Inicialmente, havia alguns grupos organizados, a maioria com inclinações nazistas, que estimulavam as pessoas a cometerem crimes. As detenções e apreensões de menores ocorreram quando havia crime concreto de nazismo, como a distribuição de material, ou quando foram detectados planos e ameaças para atacar crianças e adolescentes. Eu chamei pesquisadores infiltrados nesses grupos para conversarem com os policiais. Pode parecer uma viagem no primeiro momento, mas esses grupos existem e são perigosos e organizados. Eles são um risco porque estimulam os outros a cometerem crimes. Todos esses assassinos de 2023 estavam em grupos neonazistas em redes sociais. Se você encontra um grupo assim, a polícia precisa ir atrás de todos os envolvidos. A partir da Operação Escola Segura, as pessoas entenderam que não será tolerável propagar nazismo na internet. Isso provocará consequências. Todas as postagens relacionadas a nazismo levaram a mandados de busca e apreensão ou a inquéritos em 2023. Até o dia que a operação teve início, você ficava impune se falasse sobre nazismo na internet. Isso mudou, agora um policial baterá na porta da sua casa. O Ministério da Justiça, inclusive, treinou policiais do país inteiro para identificarem novos símbolos nazistas na internet. A operação continuará em 2024 e temos todo um calendário de reuniões para manter a repressão a esses grupos.
Há no Ministério da Justiça a elaboração de um projeto para conter o avanço de drogas sintéticas e opióides no Brasil. Por que a pasta elegeu essa como uma das pautas centrais para 2024?
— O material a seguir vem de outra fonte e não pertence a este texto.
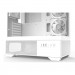 Корпус для ПК Zalman CHRONIXV2WHITE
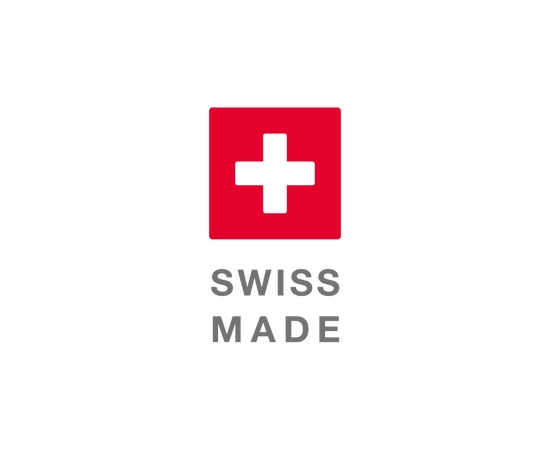 paro®sonic Звуковая гидродинамическая зубная щетка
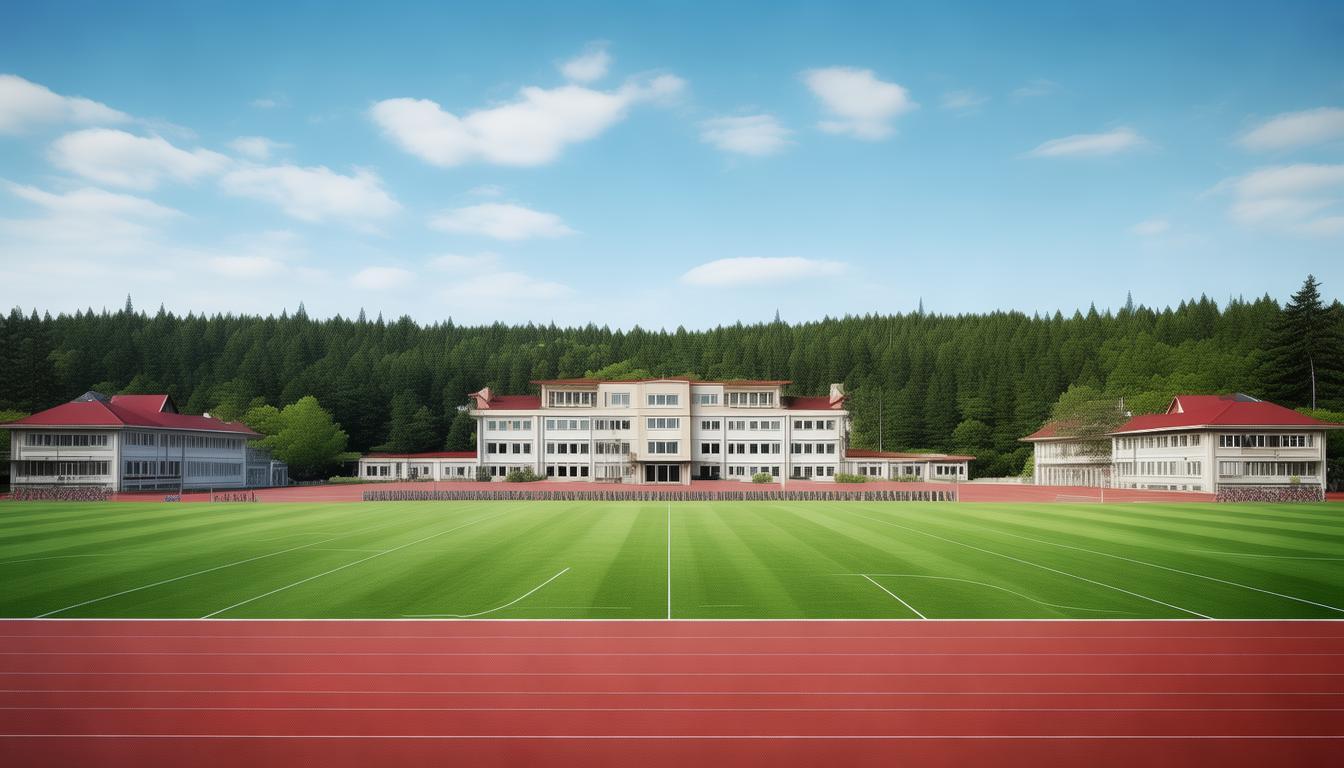 福州高级中学住宿费_福州高级中学住宿申请条件_福州高级中学有住宿吗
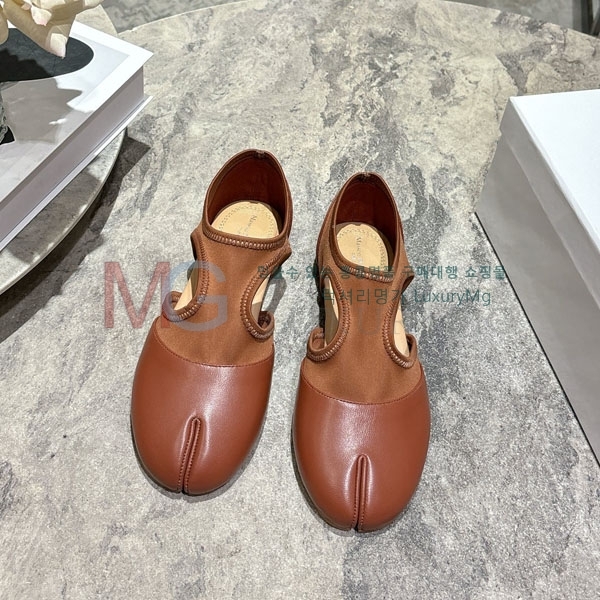  �������������� �÷����� ���� MZ60451-4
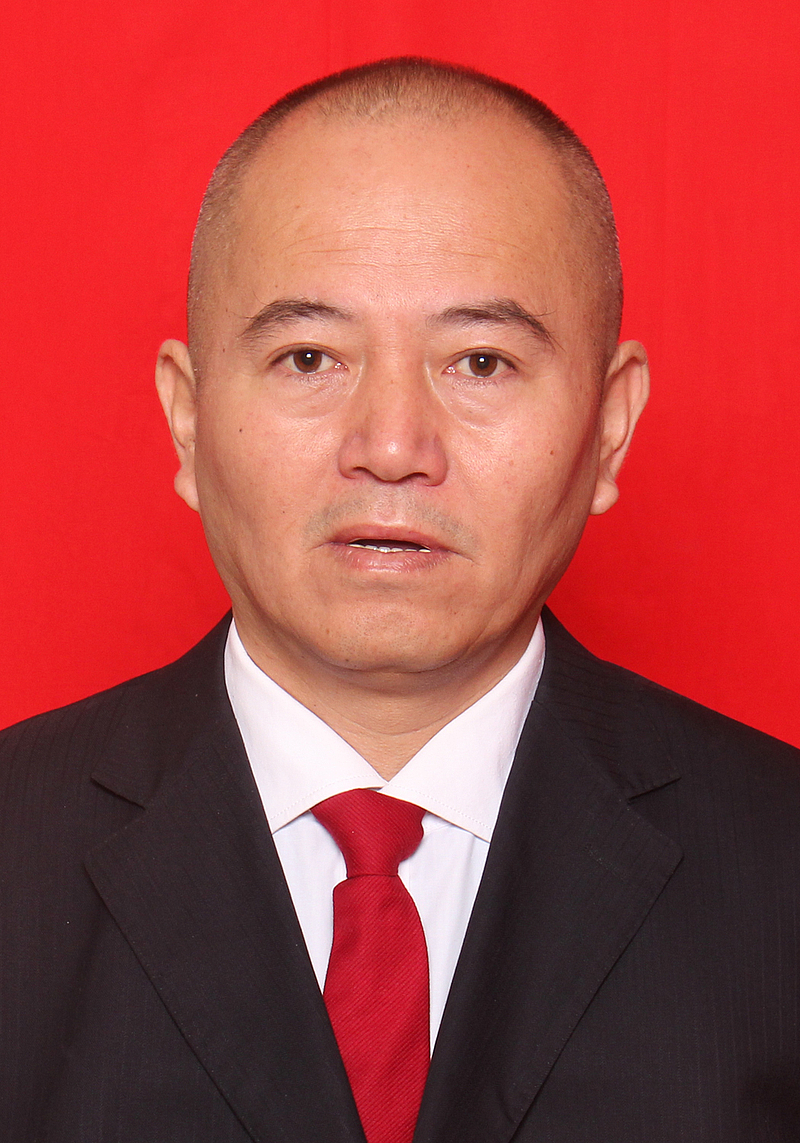 data-lemmaid="4612939">子洲县 /a>高家坪便民服务中心党委书记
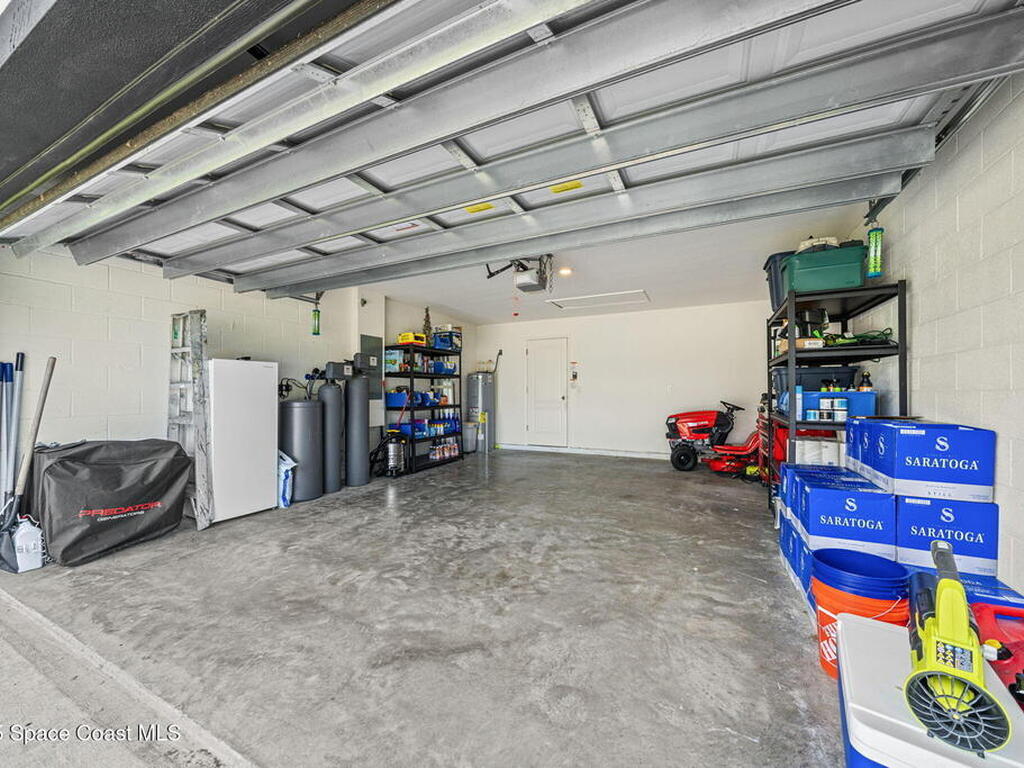 1190 Whisper Road, Palm Bay, FL 32909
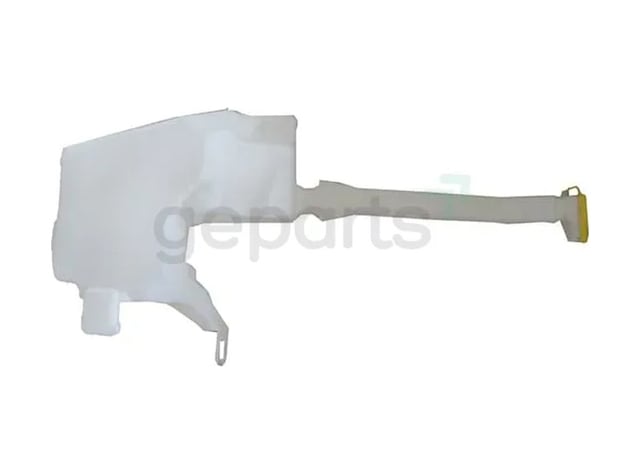 Ön Cam Su Bidonu / Deposu Kapaklı Euro Body Opel Vıvaro - 2004-2008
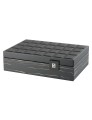 collector_10_black_shadow.jpg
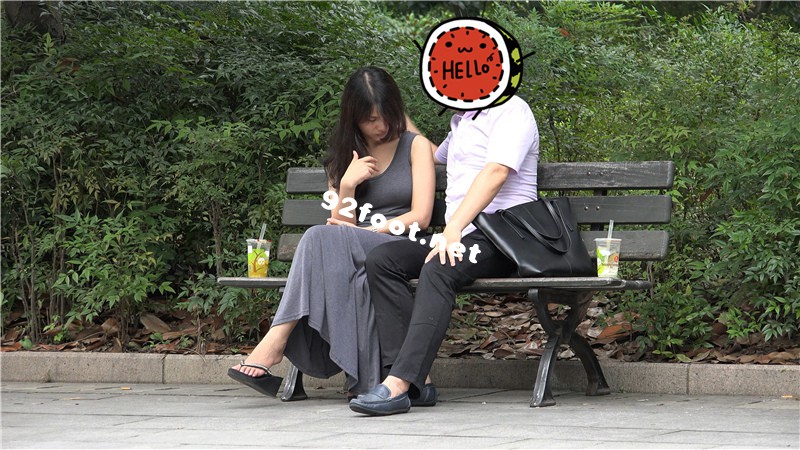 92foot 4K-040[00_00_01][20170314-171537-1].JPG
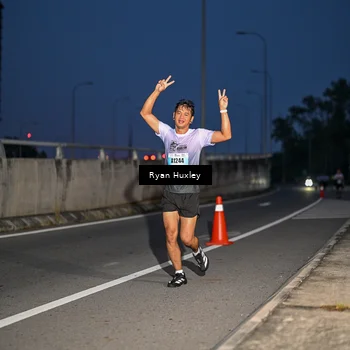 Runner Photo 7230595
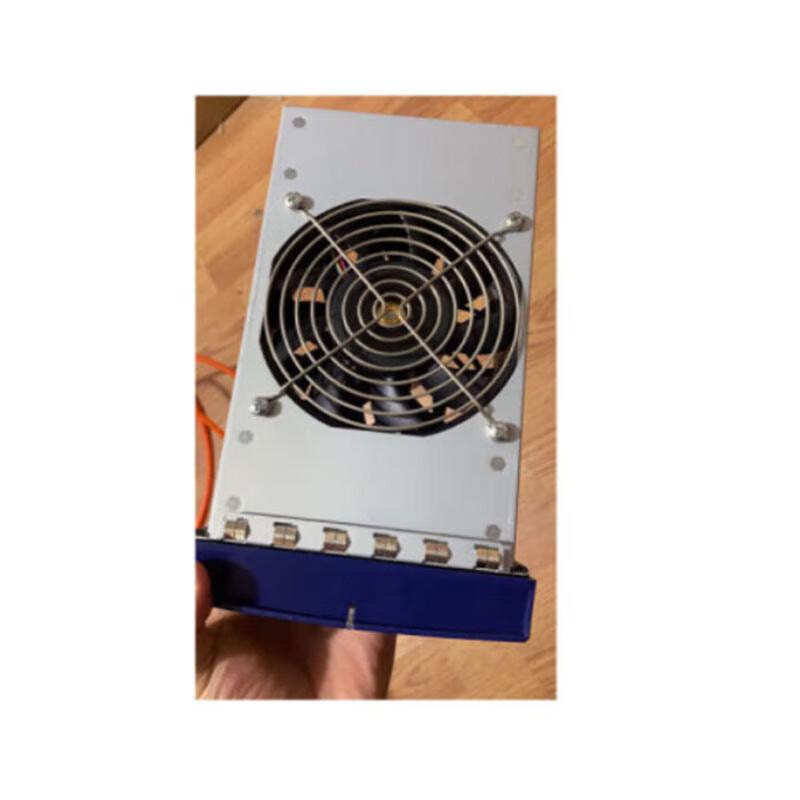 

Huawei OSN Series Universal Cooling Fan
Chegamos ao entendimento de que era preciso ter uma política de combate às drogas sintéticas de maior potencial de danos, como os opióides e a K9. A Secretaria Nacional de Políticas sobre Drogas e Gestão de Ativos (Senad) montou um sistema de alerta que trabalha em conjunto com o Ministério da Saúde e que consegue antecipar a chegada dessas drogas a partir da entrada de pessoas com problemas de saúde ou overdose em hospitais. Além de alertar o sistema repressivo, é possível usar esse sistema para orientar os profissionais de saúde dos Estados sobre como tratar os quadros de overdose, porque essas drogas requerem um cuidado diferenciado. Já a Secretaria de Direitos Digitais, em parceria com o Laboratório de Operações Cibernéticas (Ciberlab), está trabalhando para entender onde e como essas drogas são vendidas na internet. Estamos enviando para as redes sociais os termos usados para identificar as drogas e que contêm referências inusitadas, como nomes de personagens de séries e de videogames. Também tivemos reuniões com os Correios para tentar entender o fluxo das drogas e se há um padrão postal para enviá-las. É um sistema que estamos montando, porque tudo é muito novo e ninguém olhava para as drogas sintéticas no Brasil. A Embaixada dos Estados Unidos já até entrou em contato conosco para elogiar o programa e disse que ele poderá ser um exemplo para o mundo.